What is the fundamental problem here? Is it a lack of hardware handshaking when using USB, short-comings in Windows VCOM drivers, or simply host software which is not well designed and not taking any account of handshaking?

I've read that software handshaking is not really effective since XOFF often, itself, gets held up and does not get the message through in time to be effective.

The only strategy that I recall seeing that was reckoned to work was host sofware counting lines out and "ok" lines back and keeping a tally.

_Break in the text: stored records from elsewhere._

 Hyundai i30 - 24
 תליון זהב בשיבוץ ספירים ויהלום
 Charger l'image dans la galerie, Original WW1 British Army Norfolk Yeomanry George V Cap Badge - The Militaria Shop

This is a bit of side issue w.r.t. soft limits but it's good that it has come up since it is something that needs attention and was on my TODO list. I've stared breadboarding an STM32 system with a MAX3232 to provide true RS232 I/O , mainly for this reason.

What is your perception of the root cause here?

thanks.

[chamnit]

@J-Dunn : I'm not quite sure what you are asking, when the question seems to be answered and acknowledged by your post. Anyhow in my experience, there are all sorts of GUIs/senders, written in all types of programming languages. Some threaded and not well timed. Some not following the interface guidelines in the Grbl wiki. Some that use an intermediary process between the GUI and Grbl. If there is anything I can do on Grbl's side to ensure safety protocols are followed, even though it may be a slight inconvenience, I'll do so. This is what the critical event alarm is for.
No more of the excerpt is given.